Hundreds of children and families were there, and dozens of others donated time and services. The backpacks, and all the items in them, were provided by individuals.
Two years ago, Davis created a nonprofit organization bearing his name. His efforts began in 2008 when he and his family began feeding the homeless in Philadelphia. "We continued to build from there," he said.
Every Monday, Davis, his mother, grandmother, and twin sisters, 13, hand out meals to homeless men and women at 18th and Vine Streets, across from Philadelphia Family Court.
"Last week we barbecued hot dogs and hamburgers," said Nehemiah's mother, Myra Grant. "I made a tuna fish and macaroni salad. One of our volunteers brought pizza, and another volunteer brought homemade lemonade."

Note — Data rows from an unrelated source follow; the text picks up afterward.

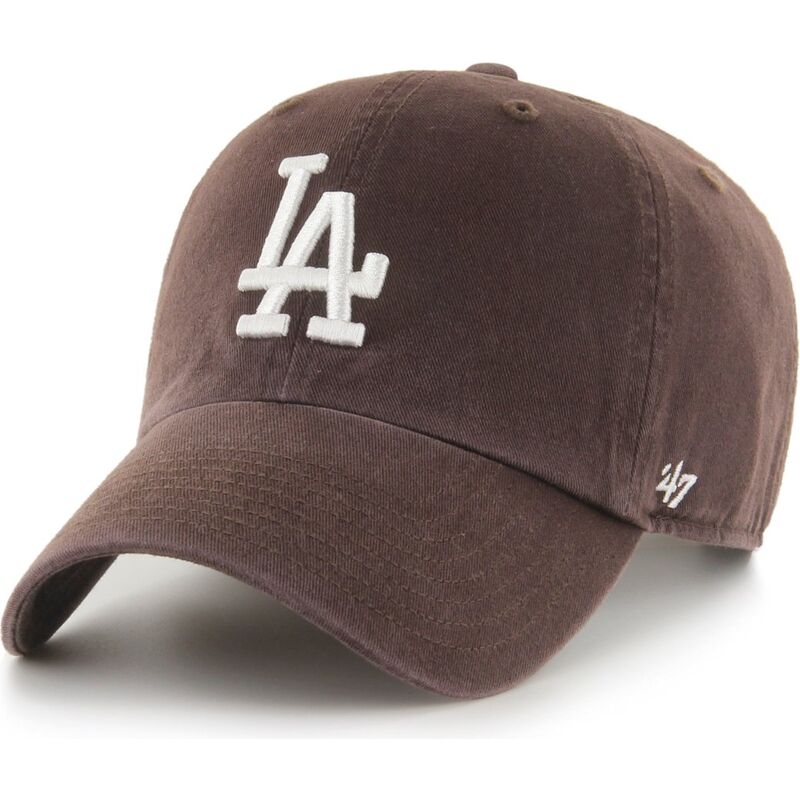 cepice-zaoblena-hneda-nastavitelny-clean-up-no-loop-label-los-angeles-dodgers-mlb-47-brand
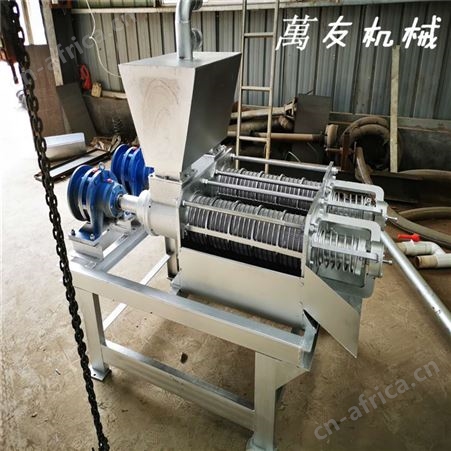 萬友牛粪不锈钢脱水机鲜牛粪固液分离设备牛粪加工有机肥设备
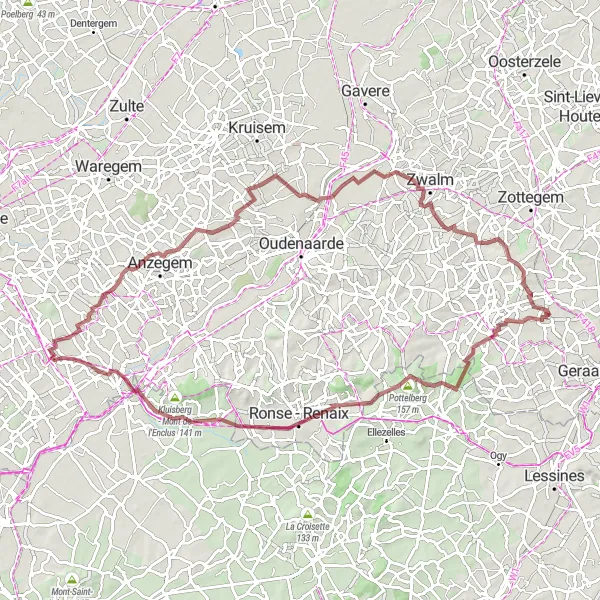 Map miniature of "Lierde - La Houppe - Hoppeberg - Amougies - Keiberg - Ingooigem - Ooikeberg - Welden - Sint-Maria-Oudenhove - Eikenmolen" cycling inspiration in Prov. Oost-Vlaanderen, Belgium. Generated by Tarmacs.app cycling route planner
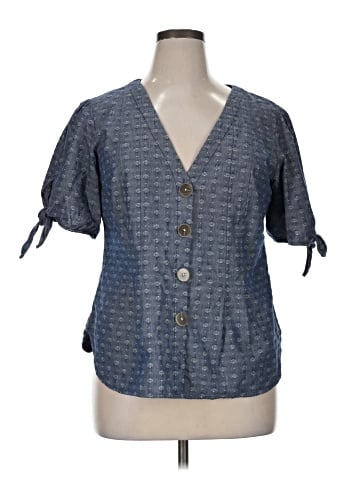 Pilcro by Anthropologie Short Sleeve Blouse (view 1)
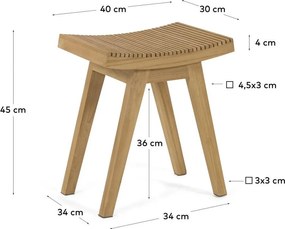 Stołek z litego drewna tekowego w naturalnym kolorze Vicentina – Kave Home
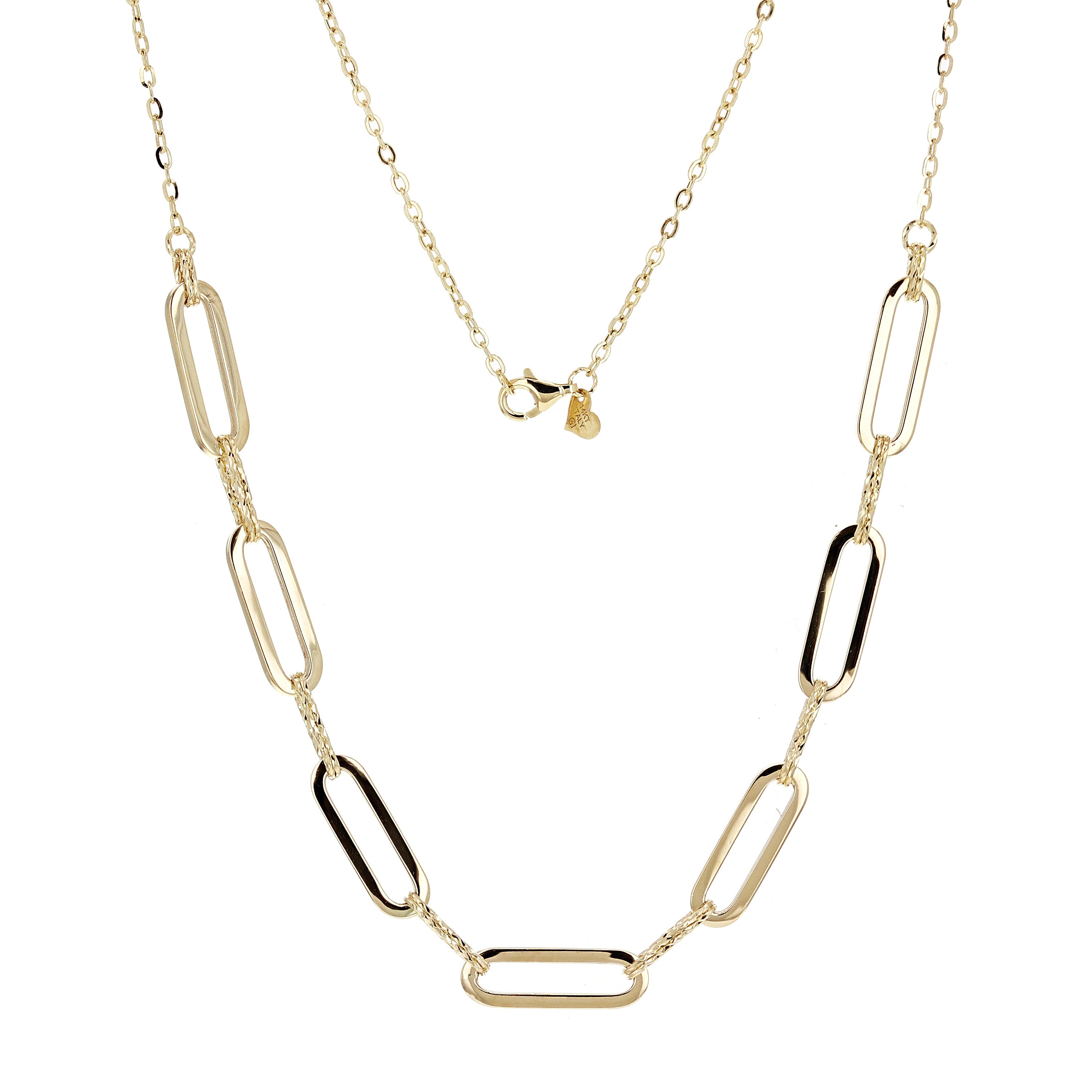 Italian 14k Yellow Gold Paper Clip Link Necklace, Bracelet & Earrings Set 9 grams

To pay for the food, Davis uses some proceeds from his businesses: a T-shirt company and a junk removal firm.
He also gets a lot of donations. "Sometimes people say, 'Hey, I want to buy the pizza this week.' And we allow that."
The back-to-school extravaganza was just one of several that Davis' foundation sponsors.
Each December, there's a Christmas party, with toys for the children at a recreation center in his Overbrook neighborhood. At Thanksgiving, he and volunteers serve Thanksgiving dinner to 200 homeless people from around the city, and at Easter there is an egg hunt.
Last winter, Davis and his helpers took 50 inner city youths on a ski trip to Spring Mountain, Pa.
"It's something that's definitely needed for the community," said Janelle Williams, of Wynnefield, who brought her two nephews. She said Davis is a role model who is giving back to the community he came from.
"There are a lot of things going on in Philadelphia that are not pleasant," she said. "He's trying to highlight something that is more positive. The children see that maybe they can grow up and do something like this. That's the overall theme: help yourself and then you'll be able to help others."
Davis' T-shirt company is named NeoDaviso - short for his name, Nehemiah Davis.
The "Peace N Philly" line carries messages that promote motivation and success. Some shirts say, "Success comes in cans, NOT can't." Others say, "Dream It, Build It, Live it" and "Young Mogul in the Making." The shirts sell for $25. Davis estimated he has given away "well over 100" and sold many more.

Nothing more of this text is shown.